FYI issue reported to CBL-mariner: tdnf cannot install ca-certificates due to certificate error

microsoft / wslg

Enabling the Windows Subsystem for Linux to include support for Wayland and X server related scenarios

MIT License

9.9k stars 296 forks source link

FYI issue reported to CBL-mariner: tdnf cannot install ca-certificates due to certificate error #1221

Open KarelChanivecky opened 3 months ago

KarelChanivecky commented 3 months ago

Windows build number:

n/a

Your Distribution version:

n/a

Your WSL versions:

n/a

Steps to reproduce:

I wasn't sure how to link a bug I created elsewhere to here, but I thought your team should know about this report I just submitted to CBL-mariner. There is a detailed description there: https://github.com/microsoft/azurelinux/issues/8593

In a few words, I suspect that a CA issuer in the chain for packages.microsoft.com has changed, and this has not been reflected in the base distro yet. Thus, one cannot build WSLg.
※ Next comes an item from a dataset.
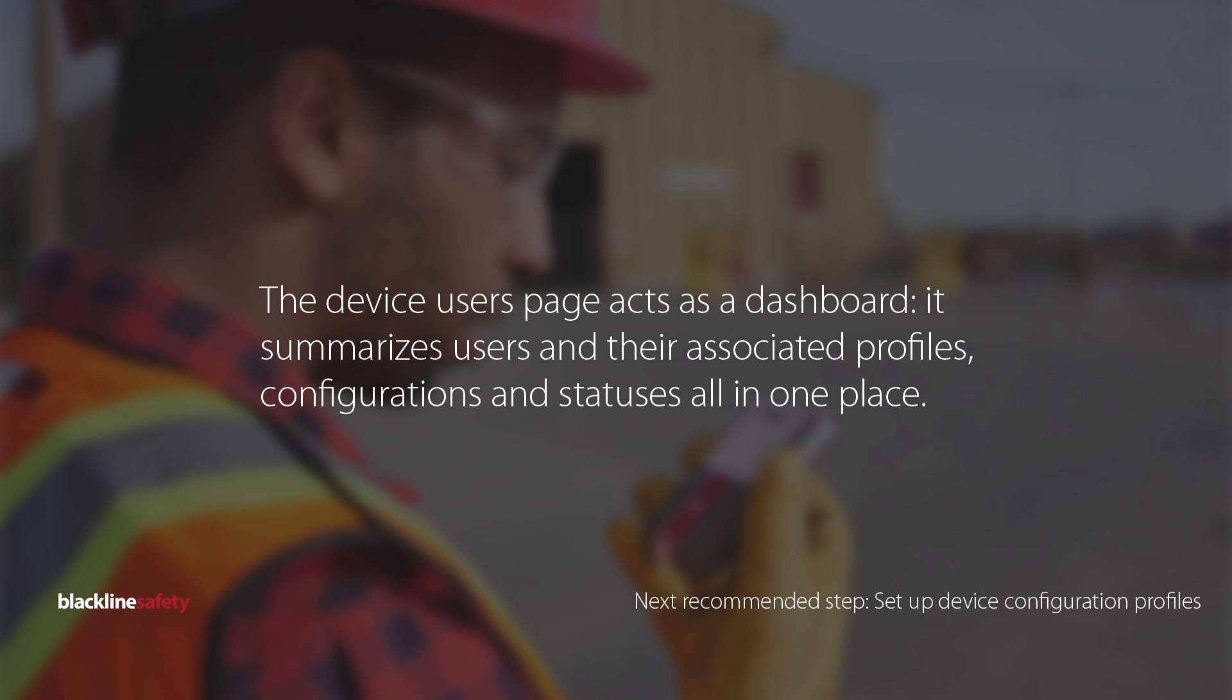The device users page acts as a dashboard, summarizing users and their associated profiles, configurations, and statuses all in one place.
The change must have happened within the last 3 weeks because it was previously working.

WSL logs:

No response

WSL dumps:

No response

Expected behavior:

No response

Actual behavior:

n/a

PawelWMS commented 3 months ago

After a quick look, it seem that the Dockerfile is using the 2.0.20231130 version of Azure Linux, which does not contain the updated set of trusted CAs. That includes the CAs, which issued PMC's new certificates and that's causing the issue. New certs are available starting from the 2.0.20240112 version.

I think a fix would be to update the Dockerfile. @hideyukn88, what do you think?

Workaround

Manually update Dockerfile to use a newer Azure Linux image.
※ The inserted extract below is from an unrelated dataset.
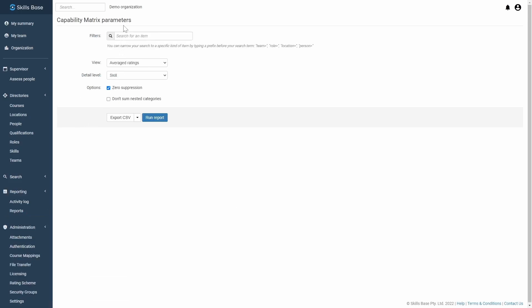When you're launching the Capability Matrix, you can choose to filter in on a particular group of staff members. For example, I'll focus in on my engineers today.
hideyukn88 commented 3 months ago

@KarelChanivecky, thanks for reporting the issue. @PawelWMS, yes, that sounds good, I will make that change, thanks!

kasperk81 commented 1 week ago

@PawelWMS do you guys have irc channel to talk about packages issues / status? someone updated the manifest half hour ago and now we can't install anything.

root [ / ]# curl -s https://packages.microsoft.com/azurelinux/3.0/preview/base/aarch64/repodata/repomd.xml | grep timestamp
    <timestamp>1718979344</timestamp>
    <timestamp>1718979344</timestamp>
    <timestamp>1718979344</timestamp>
root [ / ]# tdnf install nano
Loaded plugin: tdnfrepogpgcheck
nano package not found or not installed
Error(1011) : No matching packages

if it was fedora or ubuntu, we would have asked someone on irc by now.. please have some gatekeeper to protect from chaotic situation like these and provide means for us to report these issues like other distros. thanks!